AIM OF THE EXERCISE:
From the entries below, return exactly the lines beginning at the one that contains "Una encimera de" and ending at the one that contains "Cho măng khô đã xào vào nồi nước dùng.", both of them included, and only those lines.

EXTRACTED ENTRIES:

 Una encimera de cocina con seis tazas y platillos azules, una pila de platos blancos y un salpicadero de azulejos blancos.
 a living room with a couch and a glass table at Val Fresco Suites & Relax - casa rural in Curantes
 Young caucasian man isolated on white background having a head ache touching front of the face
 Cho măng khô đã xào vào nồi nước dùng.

---

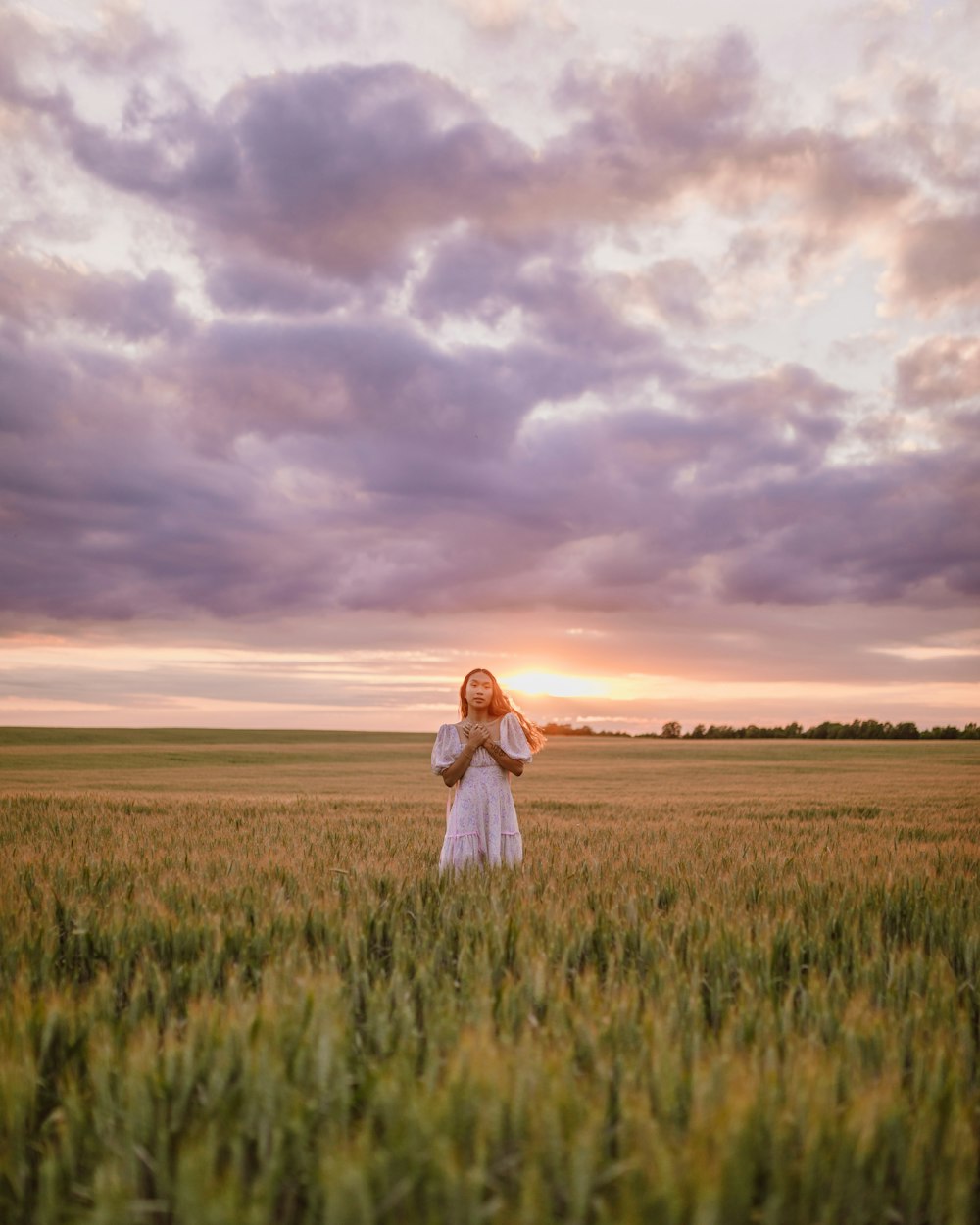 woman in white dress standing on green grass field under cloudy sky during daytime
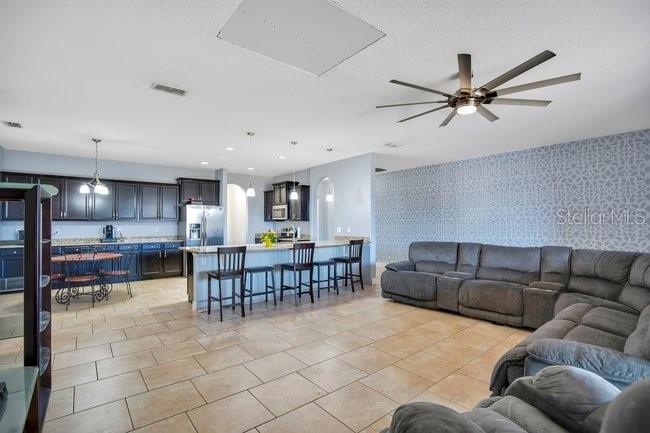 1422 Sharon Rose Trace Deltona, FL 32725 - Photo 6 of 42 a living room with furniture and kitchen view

---

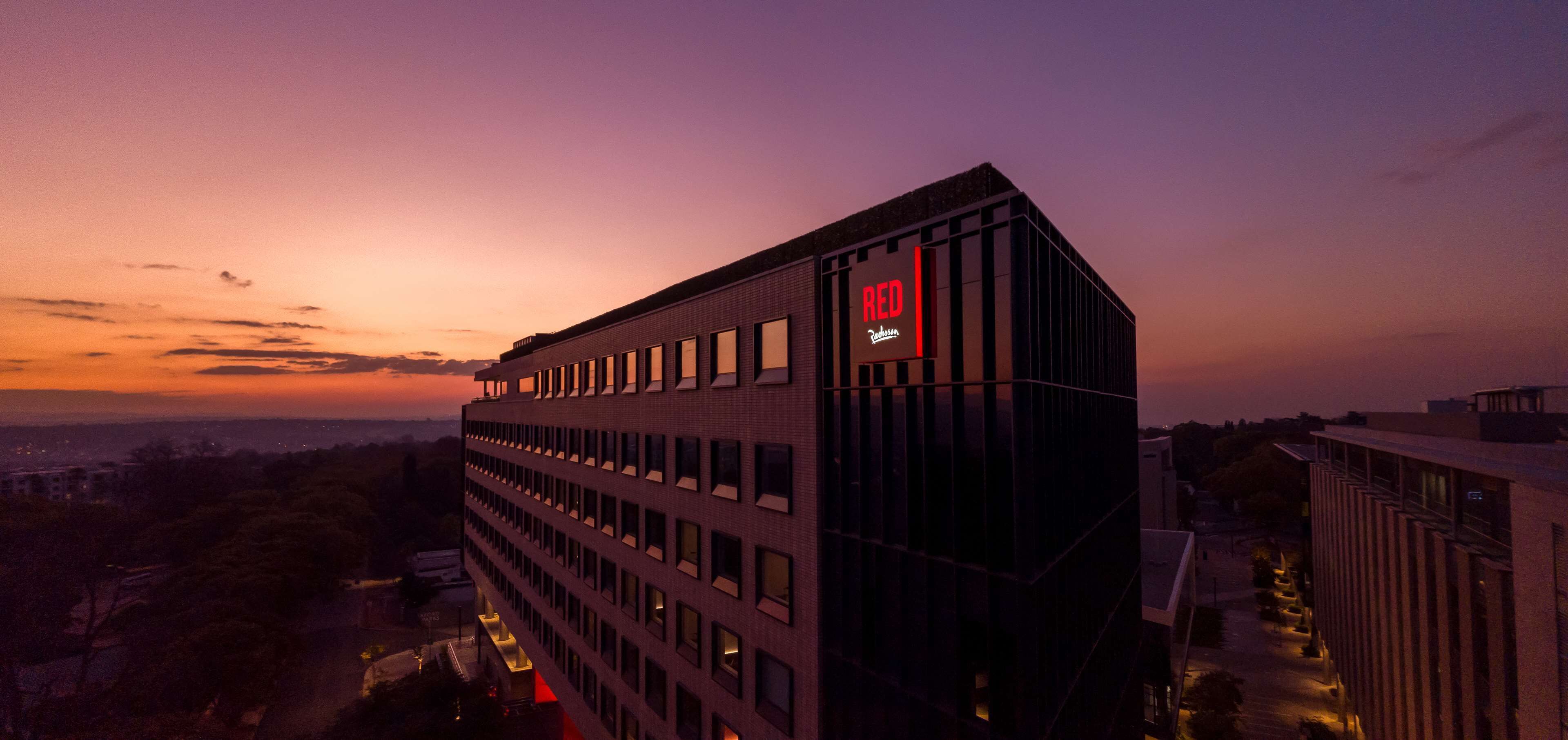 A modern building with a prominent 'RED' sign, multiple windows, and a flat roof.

REPLY TO THE TASK:
 Una encimera de cocina con seis tazas y platillos azules, una pila de platos blancos y un salpicadero de azulejos blancos.
 a living room with a couch and a glass table at Val Fresco Suites & Relax - casa rural in Curantes
 Young caucasian man isolated on white background having a head ache touching front of the face
 Cho măng khô đã xào vào nồi nước dùng.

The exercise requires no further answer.